Which one is right? …Well. They’re all right, in different senses. None of them are erroneous, anyway; those are all indeed arguments one can legitimately make, via the usual rules of probabilistic reasoning augmented with the idea of this infinite uniform distribution. That’s all there is to it. There’s not a single well-defined notion of how to speak about the relative proportions of area in this case. Uniform distributions on infinite ranges are paradoxical, in this way, by just this sort of argument. So it goes.

It’s like the question of the mean value of y - x, which is to say, the mean value of a random signed number. Perhaps it should be 0, in that the values above 0 are symmetric to the values below 0. But in the same way, perhaps it should be 1, since there is symmetry around 1 as well. Or -1. Or any value you like. There is not a single well-defined center of a bidirectionally infinite line. Again, there is paradox lurking here. So it goes.

[Now, non-uniform distributions on an infinite range, such as “1/2 probability of being between 0 and 1, 1/4 probability of being between 1 and 2, 1/8 probability of being between 2 and 3, etc.”, are easy enough to handle, but not often what we actually have in mind and desire to formalize. Alas, alas, alas.]

I doubt if this is true.

The only true and valid answer to that “paradox” is that it involves a theoretical infinite distribution. You can get all sorts of “paradoxes” if you involve infinity. (E.g. the number of odd numbers in the universe is equal to the number of odd plus even numbers in the universe, et al.)
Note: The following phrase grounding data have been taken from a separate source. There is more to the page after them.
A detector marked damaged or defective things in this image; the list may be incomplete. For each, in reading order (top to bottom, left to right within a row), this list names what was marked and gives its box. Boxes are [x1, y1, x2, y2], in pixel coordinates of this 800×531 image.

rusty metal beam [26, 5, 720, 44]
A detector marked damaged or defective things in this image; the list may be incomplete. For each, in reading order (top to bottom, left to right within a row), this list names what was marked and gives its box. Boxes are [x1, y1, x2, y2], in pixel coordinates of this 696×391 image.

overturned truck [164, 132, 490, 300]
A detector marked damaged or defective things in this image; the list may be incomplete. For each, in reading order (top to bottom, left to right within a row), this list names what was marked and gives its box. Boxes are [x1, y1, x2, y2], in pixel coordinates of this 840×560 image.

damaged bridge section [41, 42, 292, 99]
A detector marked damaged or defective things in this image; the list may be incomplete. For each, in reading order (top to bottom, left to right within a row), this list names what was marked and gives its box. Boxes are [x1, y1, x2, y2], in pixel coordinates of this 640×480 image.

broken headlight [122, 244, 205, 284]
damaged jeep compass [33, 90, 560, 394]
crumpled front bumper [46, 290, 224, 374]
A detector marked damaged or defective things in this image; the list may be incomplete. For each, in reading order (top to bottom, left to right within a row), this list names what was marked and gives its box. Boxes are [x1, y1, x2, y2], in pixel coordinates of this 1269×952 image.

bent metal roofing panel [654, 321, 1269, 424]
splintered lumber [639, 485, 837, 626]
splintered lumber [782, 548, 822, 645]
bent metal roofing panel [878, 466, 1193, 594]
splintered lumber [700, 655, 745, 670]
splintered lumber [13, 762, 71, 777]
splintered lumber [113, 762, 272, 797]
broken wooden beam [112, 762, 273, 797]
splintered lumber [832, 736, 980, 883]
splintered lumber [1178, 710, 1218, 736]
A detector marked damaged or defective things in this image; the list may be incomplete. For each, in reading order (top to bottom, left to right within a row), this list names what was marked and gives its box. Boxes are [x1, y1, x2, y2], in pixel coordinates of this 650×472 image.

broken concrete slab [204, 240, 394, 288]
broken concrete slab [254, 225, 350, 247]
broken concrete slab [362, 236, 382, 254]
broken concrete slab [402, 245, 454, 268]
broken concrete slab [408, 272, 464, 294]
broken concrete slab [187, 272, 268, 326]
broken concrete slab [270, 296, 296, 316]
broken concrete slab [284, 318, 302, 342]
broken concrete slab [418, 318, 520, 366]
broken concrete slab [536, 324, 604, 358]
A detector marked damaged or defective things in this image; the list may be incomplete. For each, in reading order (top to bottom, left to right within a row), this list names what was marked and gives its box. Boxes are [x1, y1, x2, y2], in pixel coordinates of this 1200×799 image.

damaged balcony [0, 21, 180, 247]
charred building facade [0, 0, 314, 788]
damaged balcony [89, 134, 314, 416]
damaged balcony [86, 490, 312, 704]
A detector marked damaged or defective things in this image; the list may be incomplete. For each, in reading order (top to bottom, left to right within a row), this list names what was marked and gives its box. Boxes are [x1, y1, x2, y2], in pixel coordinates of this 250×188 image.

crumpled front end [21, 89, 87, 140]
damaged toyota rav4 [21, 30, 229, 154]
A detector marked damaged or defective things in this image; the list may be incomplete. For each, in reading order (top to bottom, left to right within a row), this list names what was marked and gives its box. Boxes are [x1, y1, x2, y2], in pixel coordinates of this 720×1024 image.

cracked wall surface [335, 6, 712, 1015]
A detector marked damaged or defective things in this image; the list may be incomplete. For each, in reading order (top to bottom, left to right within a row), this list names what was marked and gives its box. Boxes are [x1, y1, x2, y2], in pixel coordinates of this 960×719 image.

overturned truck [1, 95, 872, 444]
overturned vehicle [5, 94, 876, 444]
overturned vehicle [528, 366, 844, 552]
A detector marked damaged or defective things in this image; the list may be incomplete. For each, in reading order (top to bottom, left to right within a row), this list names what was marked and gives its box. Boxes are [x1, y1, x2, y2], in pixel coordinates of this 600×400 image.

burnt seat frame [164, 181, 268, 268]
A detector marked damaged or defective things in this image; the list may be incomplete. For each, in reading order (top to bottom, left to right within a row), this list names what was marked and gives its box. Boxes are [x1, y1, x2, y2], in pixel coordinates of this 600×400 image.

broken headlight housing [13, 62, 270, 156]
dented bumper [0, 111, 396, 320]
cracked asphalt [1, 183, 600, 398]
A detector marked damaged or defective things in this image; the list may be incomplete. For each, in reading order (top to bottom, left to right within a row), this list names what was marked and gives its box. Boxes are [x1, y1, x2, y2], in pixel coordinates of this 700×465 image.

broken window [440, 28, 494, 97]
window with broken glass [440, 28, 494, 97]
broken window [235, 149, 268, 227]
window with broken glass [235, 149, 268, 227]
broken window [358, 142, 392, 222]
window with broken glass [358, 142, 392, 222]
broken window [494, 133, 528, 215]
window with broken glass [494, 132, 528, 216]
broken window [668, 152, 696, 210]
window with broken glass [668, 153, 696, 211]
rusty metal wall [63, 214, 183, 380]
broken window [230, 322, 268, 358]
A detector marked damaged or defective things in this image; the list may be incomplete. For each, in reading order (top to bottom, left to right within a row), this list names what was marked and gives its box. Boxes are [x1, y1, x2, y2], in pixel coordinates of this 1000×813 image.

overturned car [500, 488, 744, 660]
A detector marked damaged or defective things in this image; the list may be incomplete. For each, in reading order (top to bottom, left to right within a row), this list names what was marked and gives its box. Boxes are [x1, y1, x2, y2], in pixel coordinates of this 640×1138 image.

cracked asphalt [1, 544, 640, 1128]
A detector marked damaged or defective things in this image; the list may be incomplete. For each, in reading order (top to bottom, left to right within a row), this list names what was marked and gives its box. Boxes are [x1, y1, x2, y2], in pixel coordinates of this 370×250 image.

If you try to limit the distribution to a non-infinite distribution, then the paradox falls apart, because the first envelope would then give you information about the second.

The over-under is predicated on what you would consider to be a trivial amount, along with your evaluation or the potential for generosity by the stuffers of the envelopes.

Part one, is if the amount of money is trivial and you are willing to forego it, you take the other envelope. But if the amount is enough to make a difference in your life, you take it and run. Your own particular circumstances is the variable.

Part two, if you are answering an easy trivia question between innings at a local ball game, and you get five bucks in the first envelope, there is little chance there is more than that in the othe and y0u’ve probably already found the jackpot… But if you’re on a nationally televised network quiz show, blow off the five and see how deep their pockets are. There WILL be a context to the offer that you can read.

I don’t think there’s enough information to improve on anything, but I’ll give my answer before looking through the thread to see if there was something.

But for me, the strategy I would follow is:

  • Is the amount in the envelope enough for me to care about losing?
    Yes –> Keep it
    No –> Try the other envelope

Hm, well looking at some of the other answers (and the XKCD link), it does seem like one can take the knowledge that 0 is a lower bound to infer that more numbers lie to the right of any value than to the left. Of course, one can also infer that the higher the number, the less probable the number is.

Over a large number of interations of the envelope test, most reasonable skewed normal distributions would probably give you a better than 50/50 return rate. But for a single iteration, my previous solution is probably more useful.